For each line below that holds the word "white", make a copy.

[Records excerpted from a collection]
»»
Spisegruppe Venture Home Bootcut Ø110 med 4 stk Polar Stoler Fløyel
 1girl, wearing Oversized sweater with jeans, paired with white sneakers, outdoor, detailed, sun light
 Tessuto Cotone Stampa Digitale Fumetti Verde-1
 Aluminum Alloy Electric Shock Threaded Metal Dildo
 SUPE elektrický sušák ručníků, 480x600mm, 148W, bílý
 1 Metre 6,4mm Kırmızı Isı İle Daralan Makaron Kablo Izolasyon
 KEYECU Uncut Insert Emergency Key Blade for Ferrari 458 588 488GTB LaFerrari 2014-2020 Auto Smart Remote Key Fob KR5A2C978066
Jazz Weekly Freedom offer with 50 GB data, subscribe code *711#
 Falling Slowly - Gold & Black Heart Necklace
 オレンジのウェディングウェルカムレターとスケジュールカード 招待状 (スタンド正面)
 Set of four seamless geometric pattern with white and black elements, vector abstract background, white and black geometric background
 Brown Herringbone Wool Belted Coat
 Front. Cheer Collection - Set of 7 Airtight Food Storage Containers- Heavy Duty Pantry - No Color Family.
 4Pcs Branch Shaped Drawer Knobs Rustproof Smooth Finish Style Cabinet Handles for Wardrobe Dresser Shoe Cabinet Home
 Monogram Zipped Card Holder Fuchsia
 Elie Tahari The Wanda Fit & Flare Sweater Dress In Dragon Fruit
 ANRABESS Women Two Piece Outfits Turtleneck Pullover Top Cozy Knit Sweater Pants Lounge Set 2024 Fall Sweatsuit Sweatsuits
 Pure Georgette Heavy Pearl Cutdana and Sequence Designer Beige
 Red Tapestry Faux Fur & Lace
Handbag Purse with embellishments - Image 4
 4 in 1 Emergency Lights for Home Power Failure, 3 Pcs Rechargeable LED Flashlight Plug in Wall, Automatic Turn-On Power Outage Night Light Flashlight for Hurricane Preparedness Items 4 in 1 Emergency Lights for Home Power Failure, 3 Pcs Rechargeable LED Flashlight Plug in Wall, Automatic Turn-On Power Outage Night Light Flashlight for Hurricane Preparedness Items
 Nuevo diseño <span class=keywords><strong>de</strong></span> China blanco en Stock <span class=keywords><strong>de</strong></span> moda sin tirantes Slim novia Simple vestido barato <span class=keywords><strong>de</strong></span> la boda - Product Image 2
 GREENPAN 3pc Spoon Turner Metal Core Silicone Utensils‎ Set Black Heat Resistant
««
**RESPONSE TO THIS TASK:**
 1girl, wearing Oversized sweater with jeans, paired with white sneakers, outdoor, detailed, sun light
 Set of four seamless geometric pattern with white and black elements, vector abstract background, white and black geometric background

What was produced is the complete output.